= Records provided =
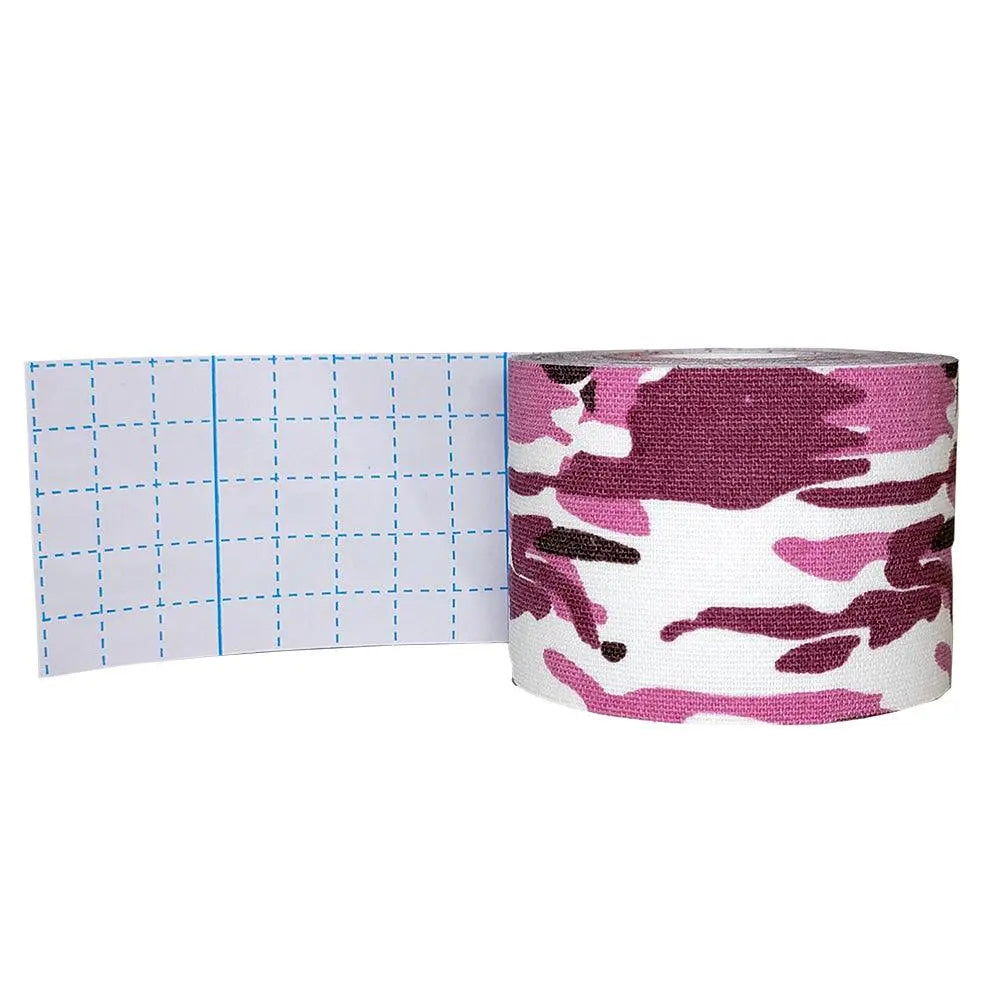 K Tape, Elastic Therapeutic Sports Tape, 2" x 5.5 YD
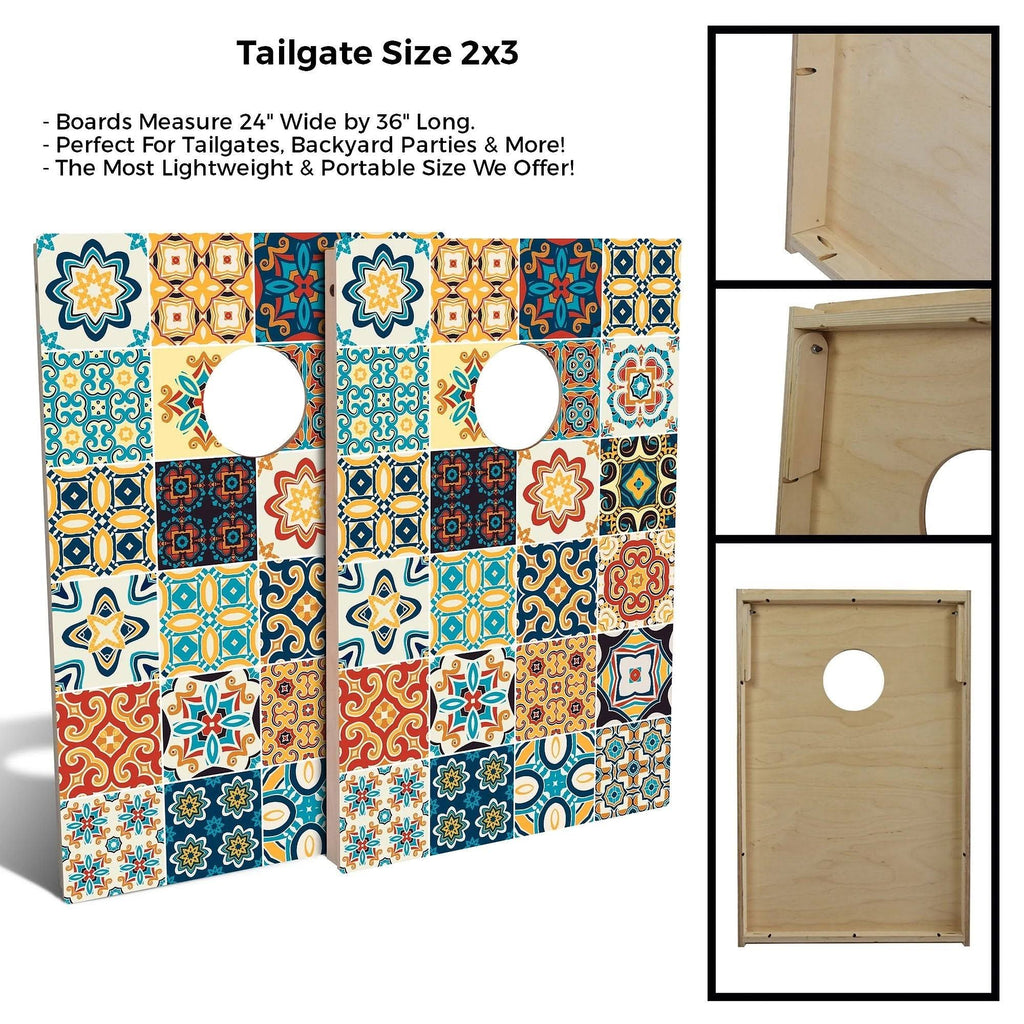 Cornhole Set with Carrying Case B973547
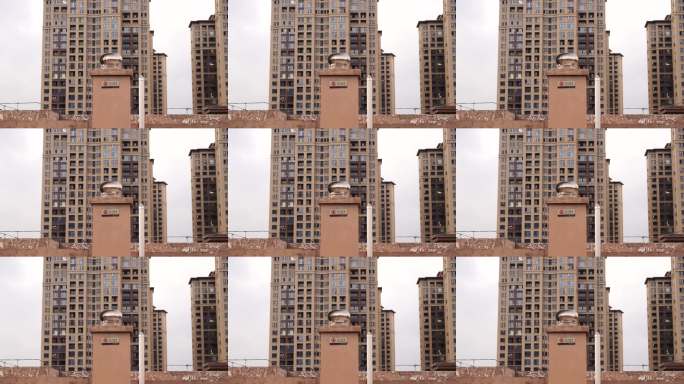 小区楼顶排气孔屋顶风机通风排风动力风球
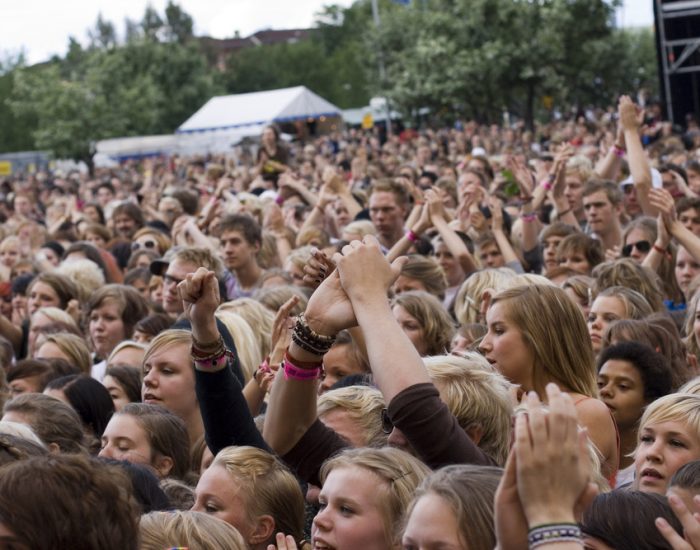 Hagefester Redder Festivalsommeren I Norge!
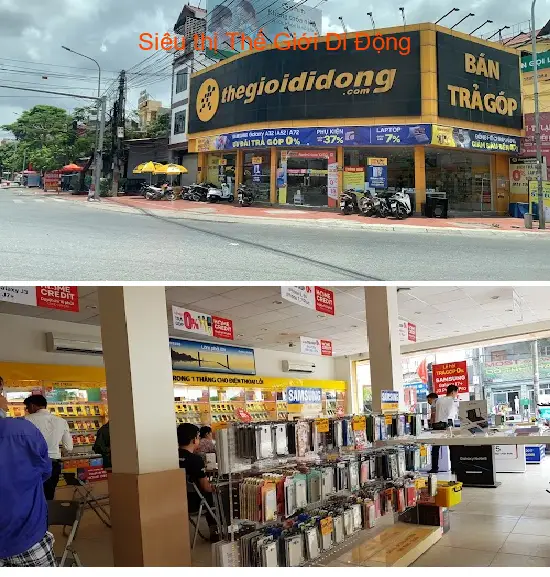Mobile World Supermarket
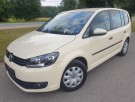 VW Touran 2.0TDi 7vietas Comfline 09.15`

= What to do =
An exact copy of all the entries is required, and it must contain no pictures.

= Response for this exercise =
 K Tape, Elastic Therapeutic Sports Tape, 2" x 5.5 YD
 Cornhole Set with Carrying Case B973547
 小区楼顶排气孔屋顶风机通风排风动力风球
 Hagefester Redder Festivalsommeren I Norge!
Mobile World Supermarket
 VW Touran 2.0TDi 7vietas Comfline 09.15`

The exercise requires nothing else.